Why the recv-marker optimization matters

Without recv-markers, awaiting N concurrent futures where the first-awaited future is the last to complete requires scanning the entire mailbox (containing N-1 already-delivered messages) on every receive iteration. For N=100, this is 100+99+...+1 = 5050 message inspections for the complete await sequence. With recv-markers, each await is O(1) regardless of N. This is documented in the OTP 24 release notes under "Selective receive optimization" and is enabled automatically when make_ref() is used as the match key.
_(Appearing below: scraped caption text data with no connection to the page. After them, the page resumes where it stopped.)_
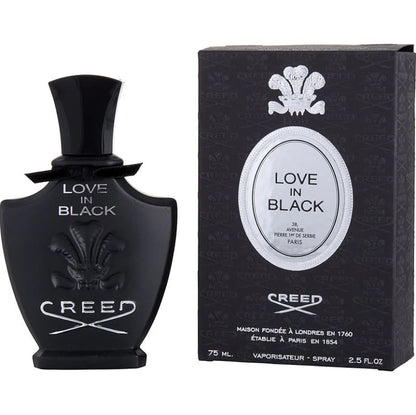 Creed Love in Black EDP– 75ml | A Bold, Mysterious Floral Fragrance for Women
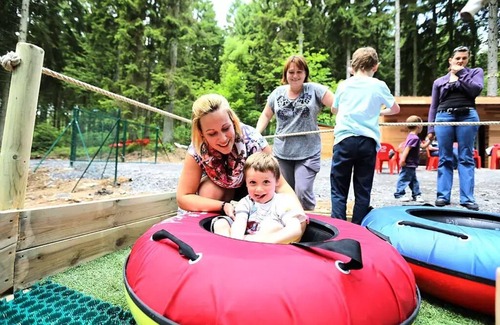 Les Mazures Casa | Campsite Le Lac des Vieilles Forges **** - Mobile home Premium 4 rooms 6 adults + 2 children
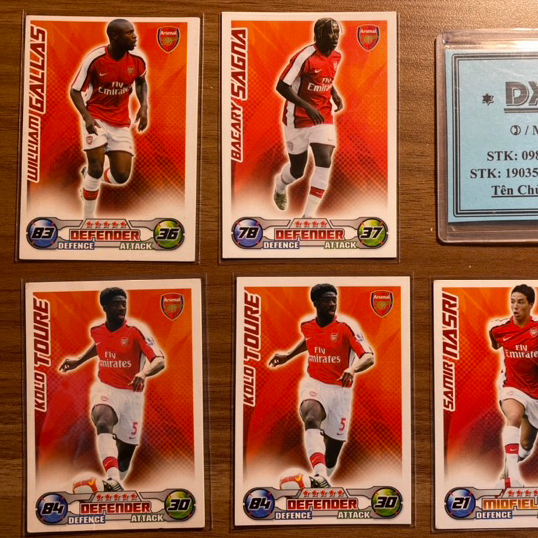 [ ของแท้ ] - TOPPS MATCH ATTAX 2008/2009 - ARSENAL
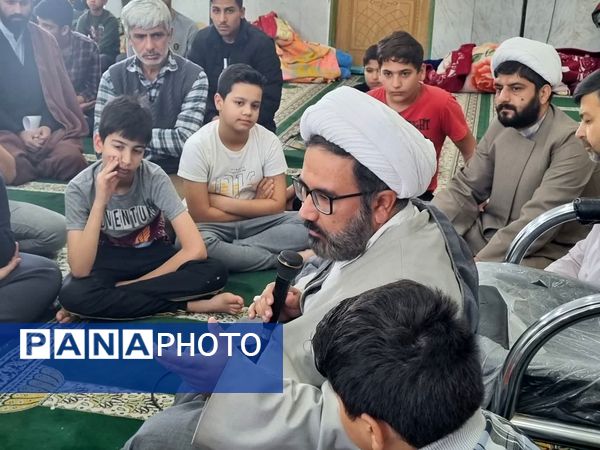  اعتکاف در شهرستان خلیل آباد 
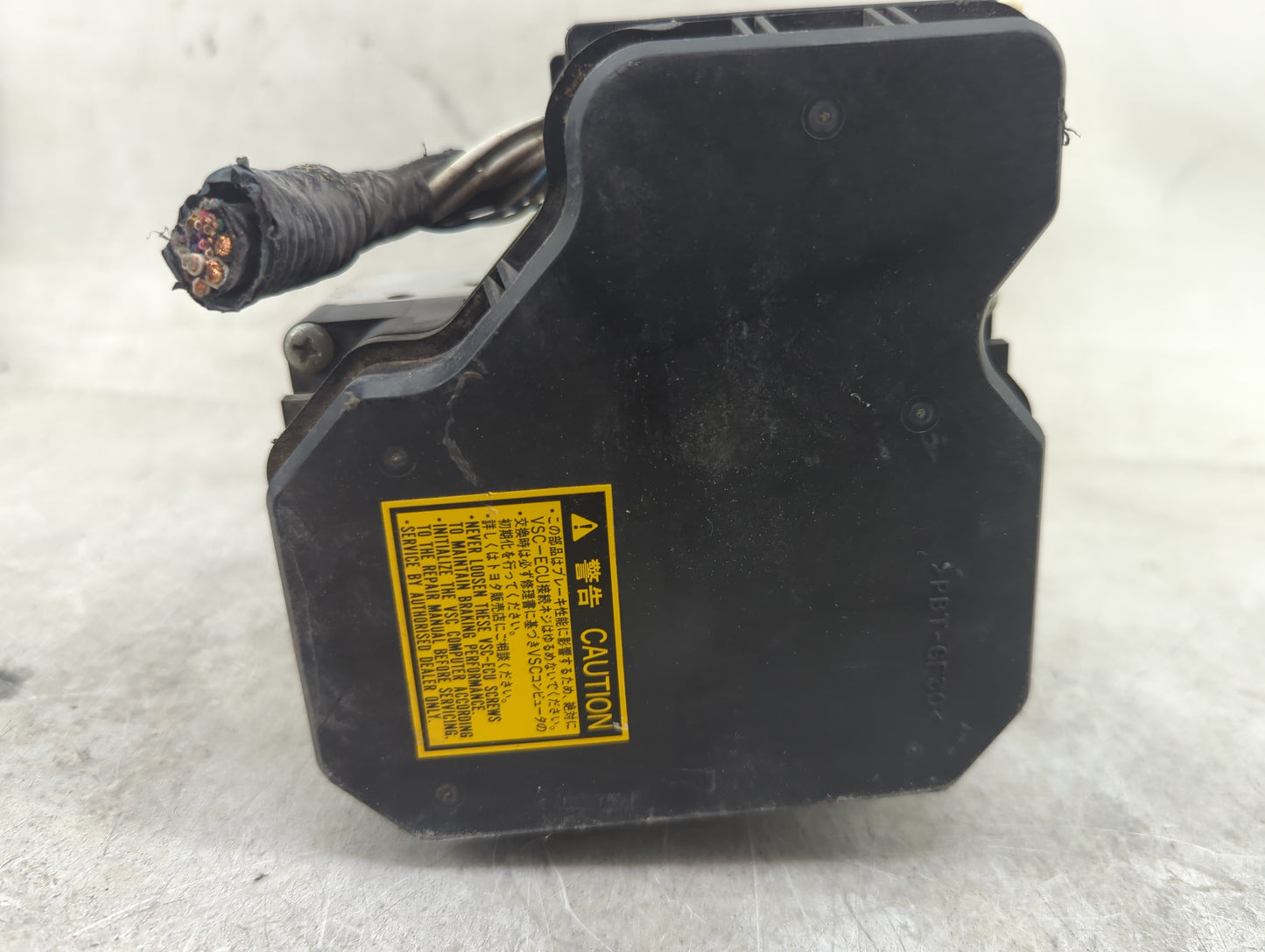 2006-2008 Toyota Rav4 ABS Pump Control Module Replacement P/N:44540-42060 89541-42180, 133800-7930 Fits Fits 2006 2007 2008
Why async/await and not Task/Promise

Mochi's async expr / await f syntax maps directly to the BEAM spawned-process model. There is no intermediary abstraction layer (no Task struct, no Promise chain). The BEAM process is the unit of concurrency; each future is exactly one process. This matches how experienced Erlang and Elixir programmers think about concurrent computation and makes the generated Erlang code readable and debuggable without knowledge of Mochi internals. Promise chaining (.then()) would require either a callback-based CPS transform or a trampoline, both of which obscure the generated Erlang.


Closeout notes

Sub-phases 11.0, 11.1, and 11.2 landed together as 2a1344880d. The implementation uses mochi_async.erl with erlang:spawn_monitor and selective receive. async expr lowers to mochi_async:async(fun() -> Expr end); await f lowers to mochi_async:await(F). The recv-marker optimization is included for O(1) mailbox scanning. await_all and await_any combinators were also implemented. All 15 fixtures produce byte-equal output against vm3.